Sabato 9 maggio 2026, presso il Teatro “Karol”, si terrà l’evento di presentazione dei micro-progetti sportivi, teatrali e culturali promossi nell’ambito del Servizio di Assistenza Specialistica.
L’iniziativa, è promossa dall’Ambito Territoriale N.27, inserita nel progetto del Servizio di assistenza specialistica scolastica e nel progetto regionale “Includere si può”*, frutto dell’Accordo per la Coesione della Regione Campania e finanziata con la delibera CIPESS n. 42/2024.
Il programma mira a potenziare l’offerta educativa e sociale rivolta agli studenti con disabilità degli istituti scolastici afferenti l’Ambito Territoriale N27, favorendo percorsi di crescita personale e partecipazione attiva alla vita della comunità.

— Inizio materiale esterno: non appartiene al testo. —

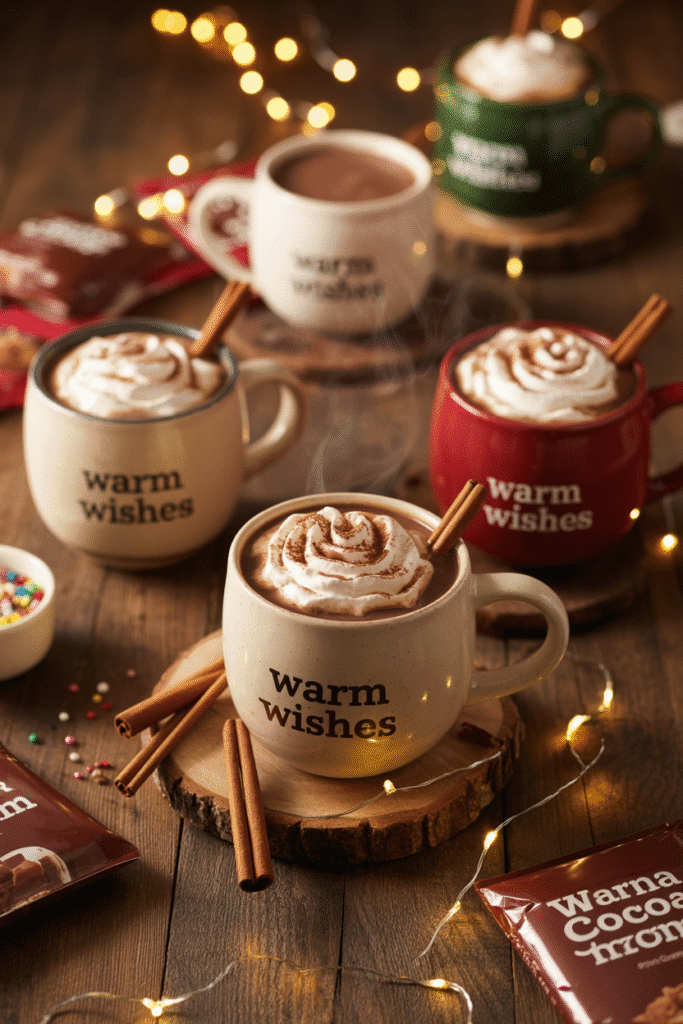 Cozy hot cocoa station perfect for holiday gatherings.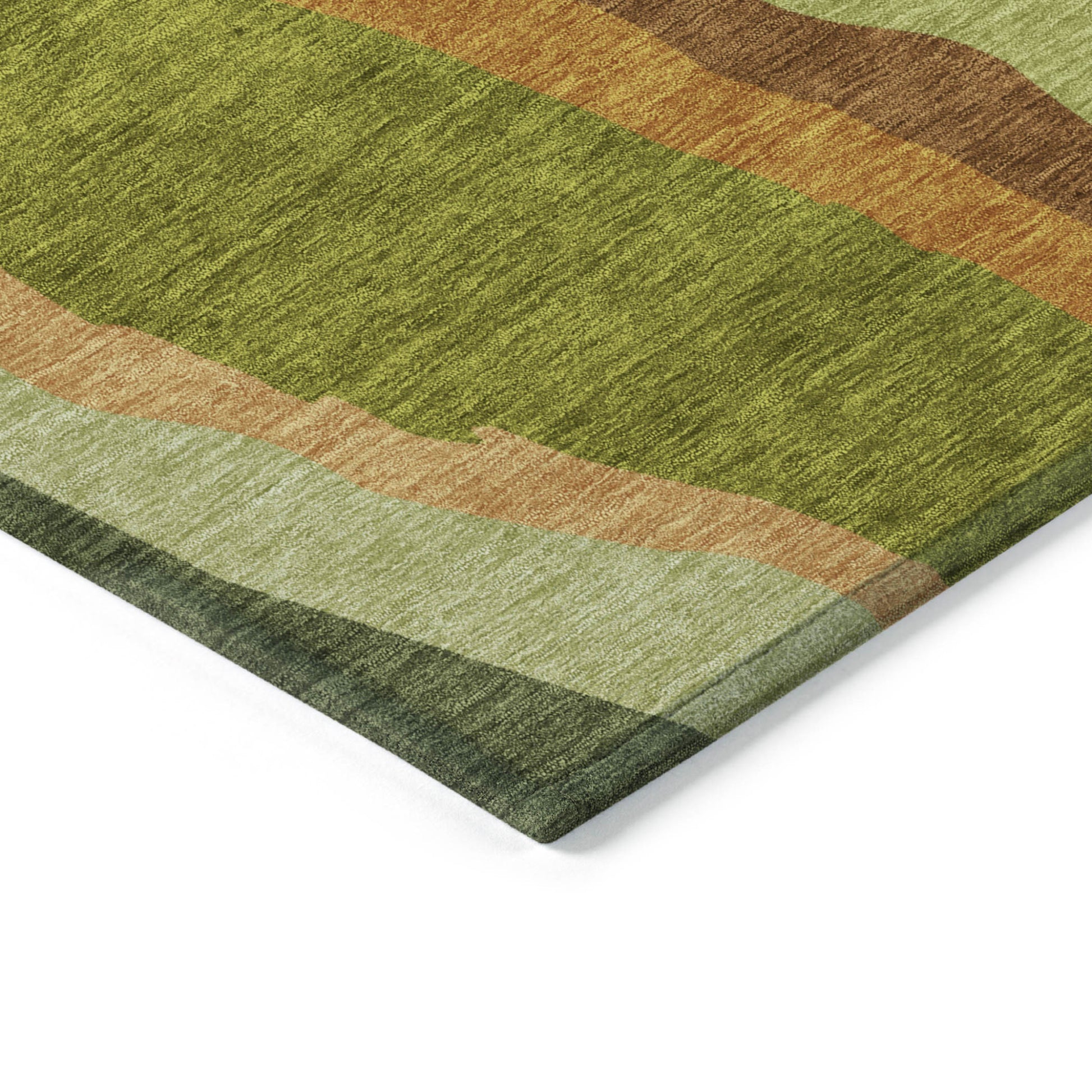 8' Green Beige And Copper Round Abstract Washable Indoor Outdoor Area Rug-3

Il Programma della Mattinata
L’evento si articolerà in due momenti principali:
Ore 10:00 – 11:30 | Presentazione delle attività: Illustrazione delle micro-progettazioni che, una volta avviate, vedranno protagonisti gli studenti in attività sportive, laboratori teatrali e percorsi culturali studiati per favorire l’integrazione scolastica.
Ore 11:30 – 13:00 | Spettacolo Teatrale: In scena la rappresentazione “C’era una volta Pinocchio”, a cura dell’Associazione “Comic Art”, un esempio tangibile della forza espressiva del teatro come strumento di inclusione.
Partner e Istituzioni
L’iniziativa vede la collaborazione sinergica tra diverse realtà del territorio:
La città di Castellammare di Stabia  e l’Ambito N27;
La Regione Campania e il programma Coesione Italia 21-27;
Le cooperative sociali SIRIO e Nasce un Sorriso, attive nella gestione operativa del progetto.
“Questi progetti rappresentano un passo fondamentale per garantire che la scuola sia un luogo di vera accoglienza, dove ogni studente possa esprimere il proprio potenziale attraverso il movimento, la creatività e la cultura.”